To test this hypothesis, we proposed to identify specific genomic locations where dramatic changes in histone methylation were occurring in a cell line model of breast cancer progression with the ultimate goal of using these genetic elements as diagnostic biomarkers. The genomic locations from each cell line rich in histone methylation were isolated by employing a panel of extremely selective antibodies that we had developed in a technique known as chromatin immunoprecipitation (ChIP). The histone methylation-associated DNA was then hybridized to a DNA microarray chip containing 6800 known genomic regions allowing for the high throughput direct comparison of “normal” cells to breast cancer cell lines. The regions that differed from “normal” (either increased or decreased) would be candidate biomarkers and would be further analyzed. While this approach took us longer than anticipated due to technical issues, we did successfully perform the ChIP-chip experiments using a histone methylation antibody. However, comparison between “normal” cells and a panel of breast cancer cells revealed no statistical differences. It became clear that our narrow examination of only a very small fraction of the human genome would not permit detection of breast cancer specific histone methylation changes. While the technology is available to perform genome-wide experiments, this approach is not financially feasible at this time. Based on our initial findings, the aims of this proposal could not be carried forward.
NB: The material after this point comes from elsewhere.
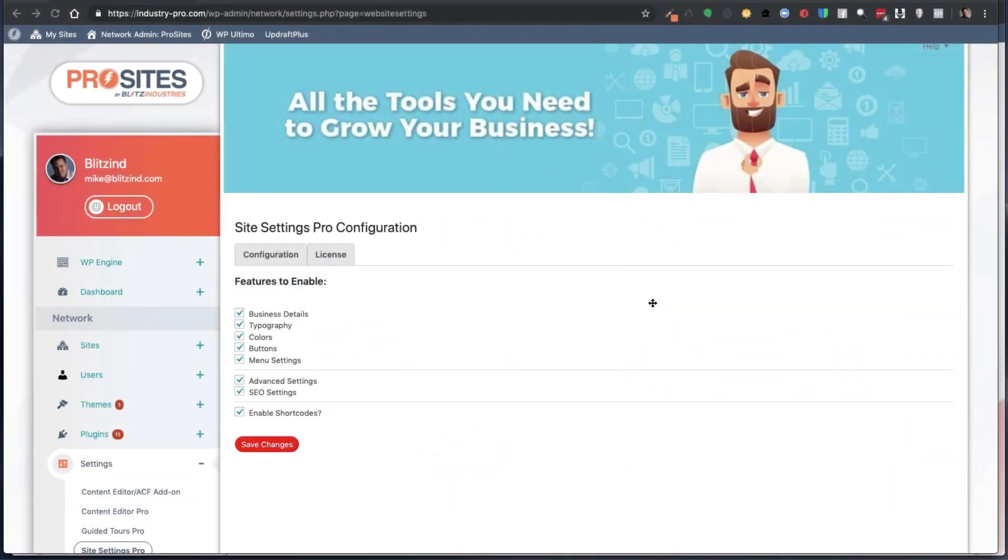Hello, my name is Michael Short from WASP Pro Plugins. In this video, I'm going to give you a quick demo of our plugin Site Settings Pro.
However, in a related pilot experiment, we used our panel of histone methylation-specific antibodies to determine if global levels of histone methylation were changed in our cell line model of breast cancer progression. Surprisingly, we discovered that specific methylated forms of the histones were dramatically altered compared to the “normal” cells. These findings suggest that the antibodies, themselves, could be used as putative molecular tools to detect changes in histone methylation that could be directly correlated to the degree of breast cancer progression. To test this further, we first optimized the use of the antibodies in a technique known as immunohistochemistry (IHC) using the breast cancer cell lines as positive and negative controls. We are currently in the process of using IHC in conjunction with a high-throughput technique, known as tissue microarray (TMA), to determine the use of the antibodies on breast cancer specimens. The pilot TMA consists of 20 breast cancer patient samples. Once the IHC conditions are optimized for the pilot TMA, we will then use TMA to screen between 400-500 breast cancer patient samples with known pathological data and detailed patient history. The immediate goal is to correlate cancer grade/stage with a specific degree of histone methylation. However, the detailed patient information may also yield valuable clinical insights including successful treatment regiments and predicting the chance of recurrence. Importantly, our initial findings on bladder cancer specimens predict that the observed alterations in histone methylation may be an early and common event in all cancers.